Plaintiff has submitted invoices showing that her attorneys worked a total of 73.1 hours, including time spent preparing the fee petition and reply brief. Specifically, Barry Schultz worked 24.6 hours; Lauren Rafferty worked 35.9 hours; and Julie Coen worked 12.6 hours. Two legal assistants worked an additional 1.3 hours. (Doc. 45-3; Doc. 49, at 15 n. 10). Plaintiff seeks an attorneys' rate of $181.25 per hour based on the "All items" figure provided by the Chicago-Gary-Kenosha Consumer Price Index ("CPI") for May 2011, when her lawyers performed most of the work for this case. (Doc. 45 ¶ 12; Doc. 45-1). She also seeks $95 per hour for the legal assistant work. (Id. ¶ 15).
The Commissioner does not challenge the reasonableness of the number of hours, or the $95 hourly rate requested for the legal assistant work. The Commissioner does object, however, that the $181.25 hourly rate for Plaintiff's counsel is unjustifiably high. (Doc. 48, at 2-6). The Commissioner also insists that any award of fees must be made payable directly to Plaintiff, though it may be mailed to her "at the address of her attorney." (Id. at 1). The Court considers each argument in turn.

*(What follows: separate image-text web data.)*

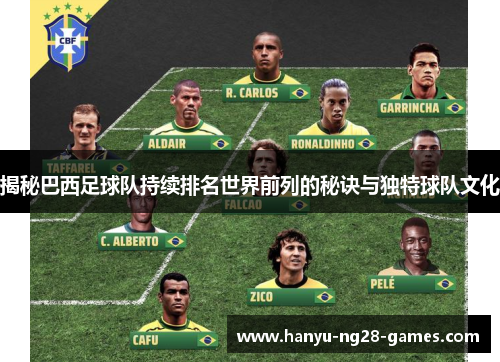 揭秘巴西足球队持续排名世界前列的秘诀与独特球队文化 揭秘巴西足球队持续排名世界前列的秘诀与独特球队文化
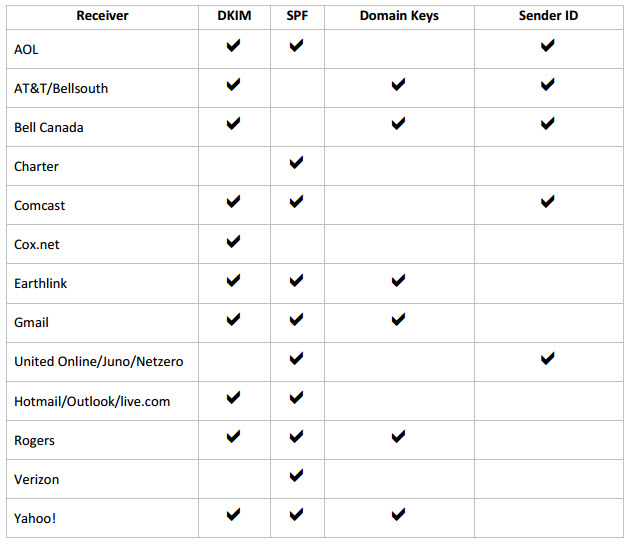 Article Email Authentication Explained JangoMail Help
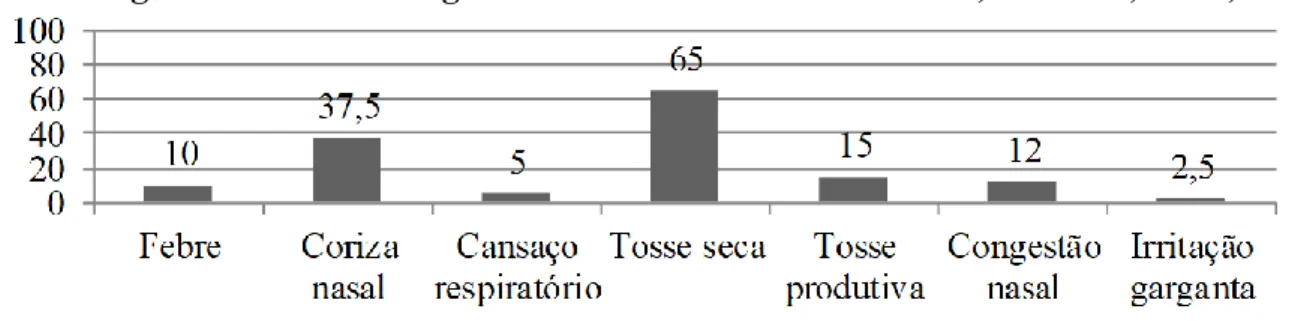 Gráfico  1  -  Aspectos  clínicos  das  crianças  atendidas  na  Atenção  Primária  à  Saúde,  segundo a sintomatologia no momento da coleta de dados, Teresina, Piauí, 2020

The EAJA provides that the amount of attorneys' fees awarded "shall be based upon prevailing market rates for the kind and quality of the services furnished, except that ... attorney fees shall not be awarded in excess of $125 per hour unless the court determines that an increase in the cost of living [since 1996, when the current version of the Act was passed] or a special factor, such as the limited availability of qualified attorneys for the proceedings involved, justifies a higher fee." Mathews-Sheets v. Astrue, 653 F.3d 560, 562 (7th Cir.2011) (quoting 28 U.S.C. § 2412(d)(2)(A)(ii)). This "rather chintzy" fee-shifting statute sets the $125 rate as "a presumptive ceiling; to justify a higher rate the plaintiff must point to inflation," or show that the case "requires for competent counsel someone from among a small class of specialists who are available only for [more than $125] per hour." Id. at 562, 563, 565.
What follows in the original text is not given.